OTHER ANNOUNCEMENTS
Following a relevant inquiry from the Athens Exchange and further to Euroxx’s announcement released yesterday to the Athens Exchange regarding a potential transaction for the acquisition by Optima bank S.A. (“Optima bank”) of a majority shareholding in Euroxx, the following clarifications are provided:
Euroxx was informed, during the meeting of its Board of Directors held on 17 March 2026, of the submission by Optima bank of a non-binding offer (Non-Binding Offer) in relation to a potential acquisition of existing shares representing up to 80.84%, and in any case not less than 67%, of its share capital from specific shareholders, within the framework of preliminary discussions and subject to the completion of the transaction assessment process. It is expressly clarified that, according to the above information received by Euroxx, Optima bank has not submitted any binding or definitive offer regarding a specific consideration for the acquisition of a participation in Euroxx, nor has any specific consideration been agreed with its shareholders.

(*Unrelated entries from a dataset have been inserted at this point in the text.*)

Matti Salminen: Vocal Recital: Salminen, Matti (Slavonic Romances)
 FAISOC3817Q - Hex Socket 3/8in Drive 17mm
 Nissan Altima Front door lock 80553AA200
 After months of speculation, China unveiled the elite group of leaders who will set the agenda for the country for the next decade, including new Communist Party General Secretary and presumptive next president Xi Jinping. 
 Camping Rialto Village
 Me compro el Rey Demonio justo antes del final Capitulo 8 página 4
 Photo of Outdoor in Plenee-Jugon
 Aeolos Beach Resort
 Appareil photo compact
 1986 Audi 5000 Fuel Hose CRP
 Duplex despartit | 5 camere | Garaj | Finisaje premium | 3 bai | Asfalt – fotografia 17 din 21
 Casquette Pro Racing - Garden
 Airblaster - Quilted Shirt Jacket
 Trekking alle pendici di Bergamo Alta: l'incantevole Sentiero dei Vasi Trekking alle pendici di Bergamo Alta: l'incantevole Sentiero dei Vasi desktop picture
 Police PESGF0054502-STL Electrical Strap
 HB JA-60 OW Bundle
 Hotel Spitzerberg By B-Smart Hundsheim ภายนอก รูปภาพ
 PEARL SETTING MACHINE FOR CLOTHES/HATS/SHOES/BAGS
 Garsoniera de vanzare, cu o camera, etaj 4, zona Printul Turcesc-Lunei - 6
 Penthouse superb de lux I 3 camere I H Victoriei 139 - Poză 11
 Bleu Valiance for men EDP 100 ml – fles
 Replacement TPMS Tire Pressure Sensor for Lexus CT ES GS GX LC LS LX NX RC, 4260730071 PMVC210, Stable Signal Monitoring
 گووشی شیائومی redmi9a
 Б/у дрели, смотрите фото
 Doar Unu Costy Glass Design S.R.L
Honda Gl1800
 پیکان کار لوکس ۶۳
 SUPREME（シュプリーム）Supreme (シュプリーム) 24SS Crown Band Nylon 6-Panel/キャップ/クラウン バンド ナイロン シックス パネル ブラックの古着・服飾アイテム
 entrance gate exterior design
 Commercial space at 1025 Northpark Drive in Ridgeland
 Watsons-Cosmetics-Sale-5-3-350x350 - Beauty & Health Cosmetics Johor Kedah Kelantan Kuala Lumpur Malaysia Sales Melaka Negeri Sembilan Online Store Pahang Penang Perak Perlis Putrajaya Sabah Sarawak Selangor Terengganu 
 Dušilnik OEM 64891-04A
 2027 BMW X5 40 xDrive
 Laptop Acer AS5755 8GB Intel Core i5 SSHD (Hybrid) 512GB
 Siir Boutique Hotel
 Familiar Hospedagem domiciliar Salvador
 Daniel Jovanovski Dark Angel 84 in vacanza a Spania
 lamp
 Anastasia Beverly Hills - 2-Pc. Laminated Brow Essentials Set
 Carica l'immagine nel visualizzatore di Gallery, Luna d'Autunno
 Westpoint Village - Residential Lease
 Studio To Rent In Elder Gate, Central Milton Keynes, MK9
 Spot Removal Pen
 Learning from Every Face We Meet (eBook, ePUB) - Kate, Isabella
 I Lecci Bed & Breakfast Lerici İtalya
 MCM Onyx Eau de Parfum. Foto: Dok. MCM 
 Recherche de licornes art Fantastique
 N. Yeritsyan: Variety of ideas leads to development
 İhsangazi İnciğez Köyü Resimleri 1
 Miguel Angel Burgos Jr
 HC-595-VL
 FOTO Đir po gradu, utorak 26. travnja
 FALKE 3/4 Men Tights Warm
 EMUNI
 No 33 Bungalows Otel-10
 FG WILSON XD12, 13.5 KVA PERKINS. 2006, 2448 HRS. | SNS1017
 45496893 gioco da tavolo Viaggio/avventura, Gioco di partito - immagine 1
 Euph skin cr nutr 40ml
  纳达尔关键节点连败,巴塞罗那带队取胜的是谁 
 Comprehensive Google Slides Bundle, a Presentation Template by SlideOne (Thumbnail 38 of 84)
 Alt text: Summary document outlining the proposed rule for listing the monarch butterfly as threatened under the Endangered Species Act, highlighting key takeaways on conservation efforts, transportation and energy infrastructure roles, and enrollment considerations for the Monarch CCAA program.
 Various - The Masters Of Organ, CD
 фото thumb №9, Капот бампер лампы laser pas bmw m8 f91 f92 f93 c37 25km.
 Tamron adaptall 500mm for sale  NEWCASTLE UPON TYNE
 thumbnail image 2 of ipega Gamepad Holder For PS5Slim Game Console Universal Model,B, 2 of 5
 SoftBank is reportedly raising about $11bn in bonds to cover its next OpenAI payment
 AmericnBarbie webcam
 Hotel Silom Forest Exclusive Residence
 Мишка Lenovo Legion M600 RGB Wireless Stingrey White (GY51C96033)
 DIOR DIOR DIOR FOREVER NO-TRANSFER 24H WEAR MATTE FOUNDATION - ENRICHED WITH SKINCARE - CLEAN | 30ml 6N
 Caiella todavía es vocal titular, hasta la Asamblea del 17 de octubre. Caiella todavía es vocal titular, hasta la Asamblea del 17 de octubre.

According to the above information, within the context of preliminary and non-binding exploratory discussions, an indicative reference has been made to a maximum total amount of up to €65.5 million, which exclusively concerns the scenario of acquiring the maximum percentage of up to 80.84% of the paid-up share capital of Euroxx. Such reference does not constitute a proposed or agreed consideration, nor a valuation of Euroxx, but reflects a maximum level of financial commitment by Optima bank under specific and non-finalized conditions and remains subject to material conditions and assumptions. In particular, based on the above information, the determination of the final consideration cannot be finalized at this stage, as it depends on factors that have not yet been determined or agreed, including, in particular:
the progress and completion of negotiations between the parties, as well as the specific terms and conditions of any agreements that may be entered into with the selling shareholders,
the conduct of a thorough due diligence review of Euroxx, the results of which cannot be anticipated at this stage,
the final participation percentage to be acquired, which in any case is subject to the condition of acquiring at least 67% of the paid-up share capital of Euroxx.